Both actions were settled without the defendants admitting or denying the findings.

2. Corporate Governance

  • CII Favors Consequential Majority Voting: On January 5, 2017, the Council of Institutional Investors (CII) issued an FAQ stating that consequential majority voting is "the only approach that places ultimate authority in the hands of the company's owners." Consequential majority voting, which CII identifies as a "best practice," requires an uncontested nominee to receive more `for' than `against' votes in order to be elected and establishes a holdover period (90 to 180 days) after which an unelected director may no longer serve on the board.
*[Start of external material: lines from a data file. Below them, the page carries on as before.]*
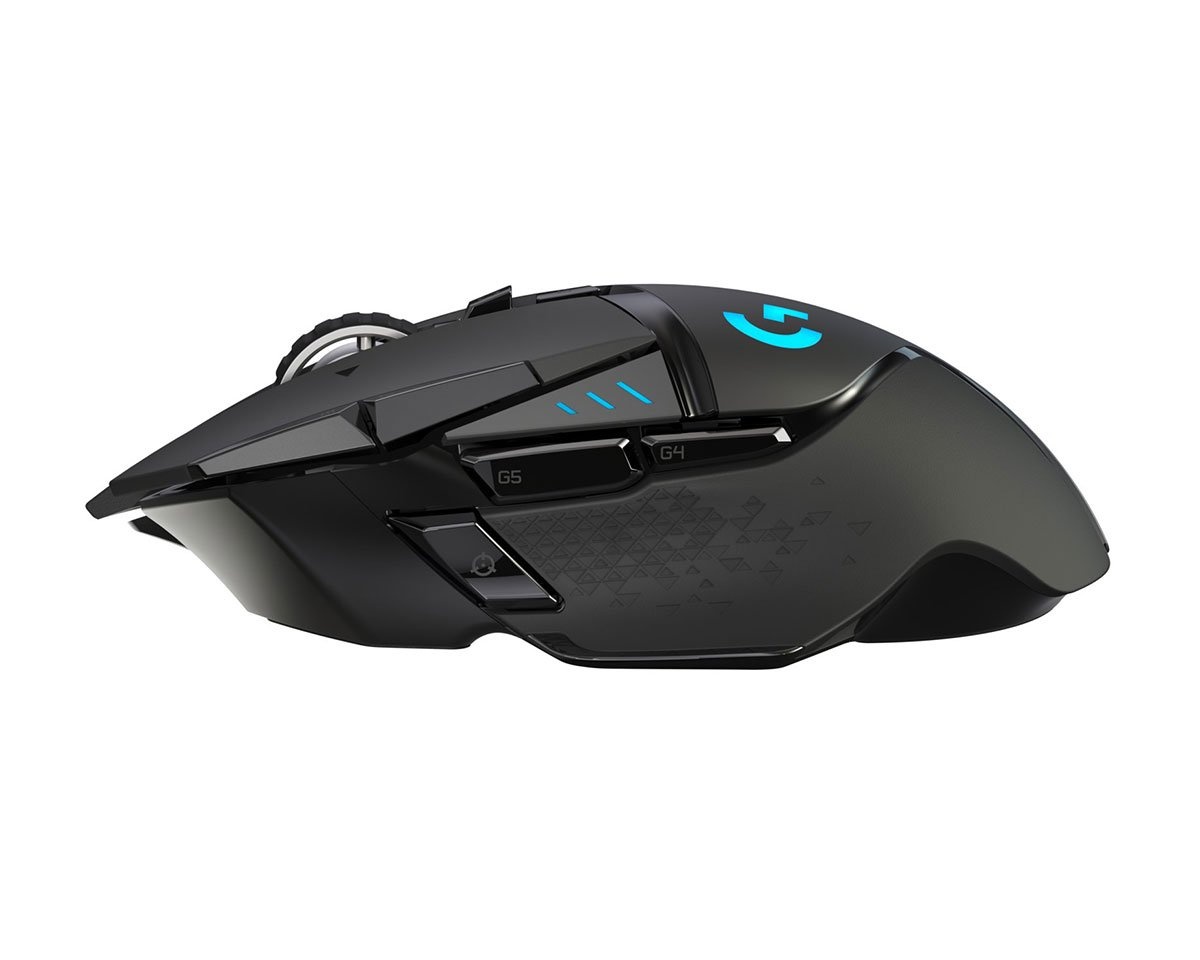 Play at LIGHTSPEED — Presenting the Logitech G502 LIGHTSPEED Wireless Gaming  Mouse
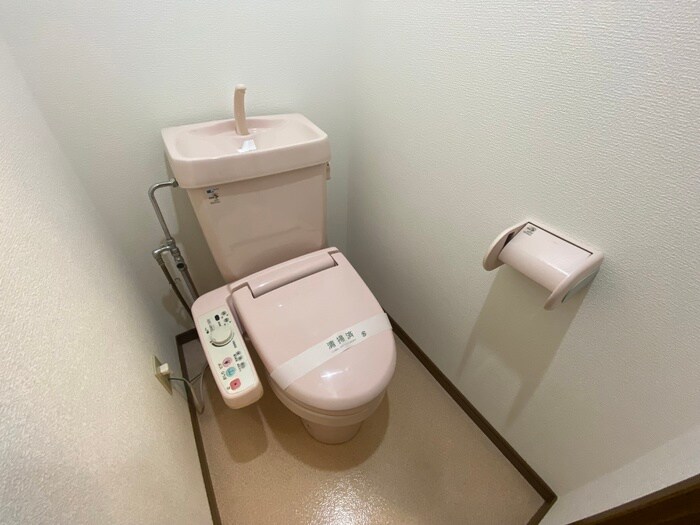 物件内観写真5　(トイレ)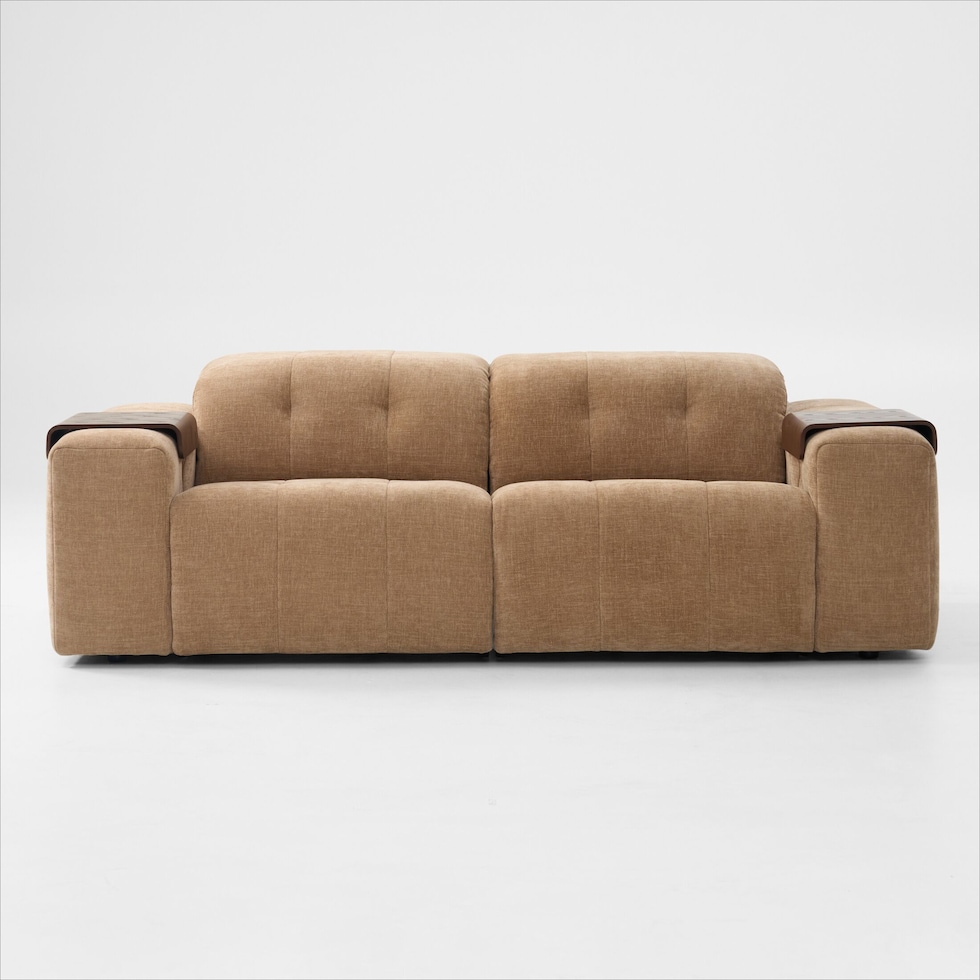 terrace dark brown sofa   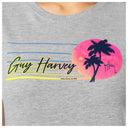 Women's Grey Horizon Short Sleeve Crew Neck T-Shirt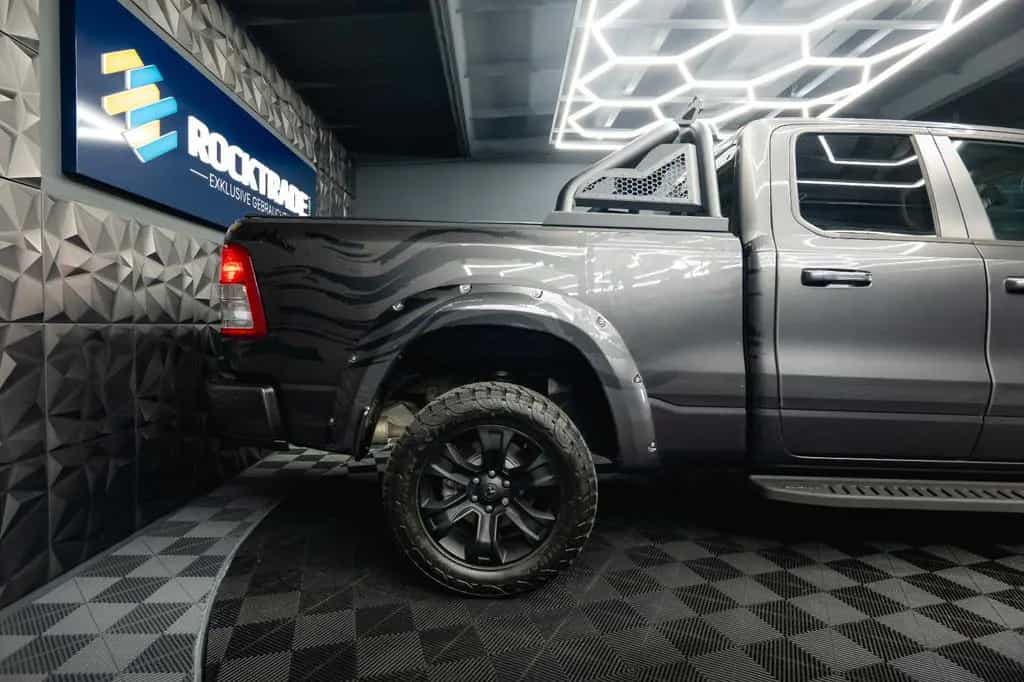 Dodge RAM 5.7 V8 HEMI 4x4 OFFROAD LONGBED Limited LED 01/2020-photo-11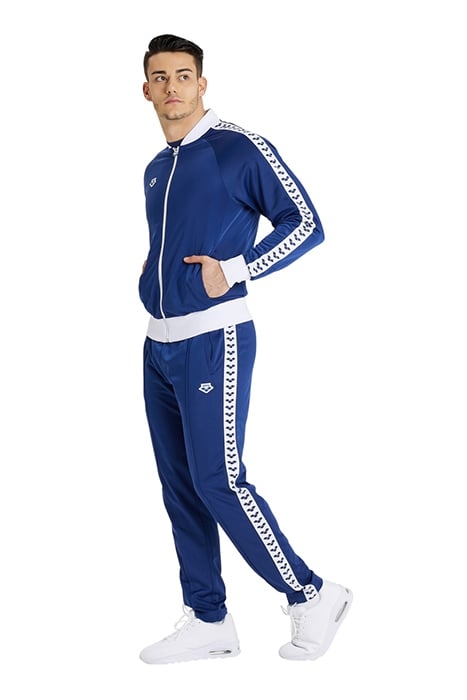 M RELAX IV TEAM PANT NAVY-WHITE-NAVY 3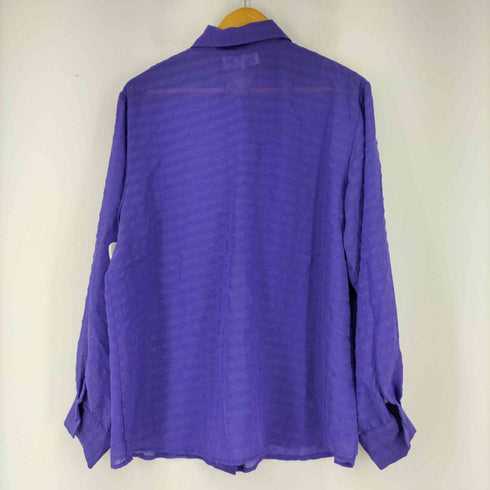 MADE IN USA レギュラーカラー L/S シャツ レディース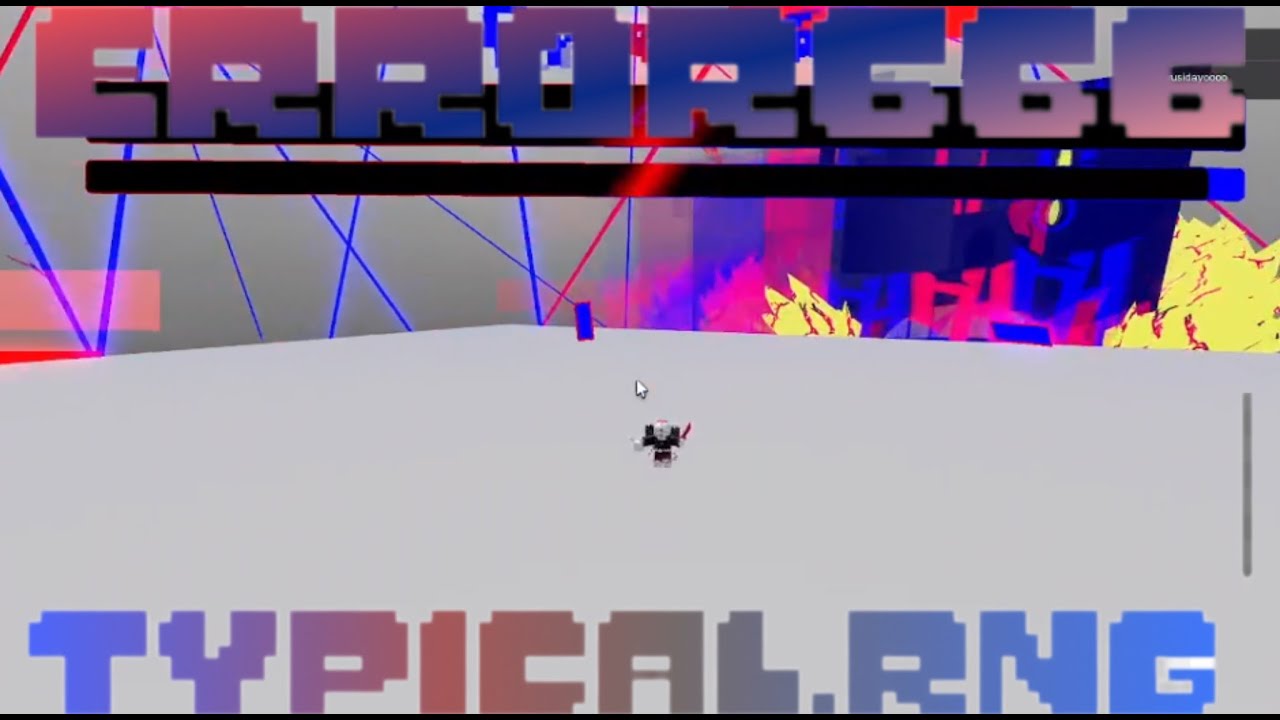 ERROR666 full fight (typical.rng)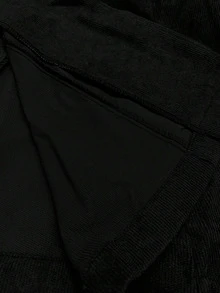 بليزر أنيق بلون أحادي للتنقل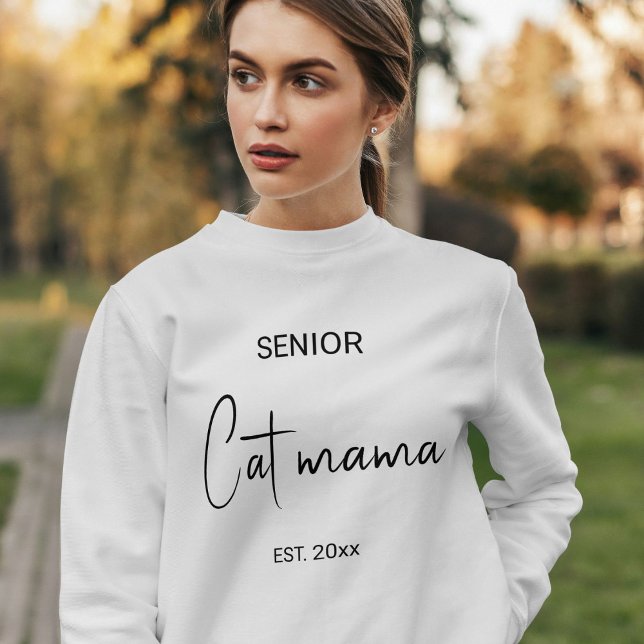 Sudadera Amante de Mascotas Personalizadas Negro Script Mad (Subido por el creador)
Consequential majority voting is stricter than the form of majority voting with board-rejectable resignation found at most S&P 500 companies, in which an incumbent holdover director who receives fewer `for' than `against' votes must offer a resignation to the board, who may then accept or reject it.
  • ISS Updates Proxy Voting Policies: Institutional Shareholder Services (ISS), the proxy advisory firm, announced updates to its benchmark proxy voting policies applicable to meetings held after February 1, 2017. For U.S. companies, the updates included negative vote recommendations for directors at newly public companies that have classes of stock with unequal voting rights, or that have other materially adverse provisions (such as supermajority voting requirements), absent a reasonable sunset provision; directors at companies that impose undue restrictions on shareholders' ability to amend the company's bylaws (relevant in the few states, particularly Maryland, that permit such restrictions); and non-CEO directors who hold more than five public company board seats (down from six under current policy).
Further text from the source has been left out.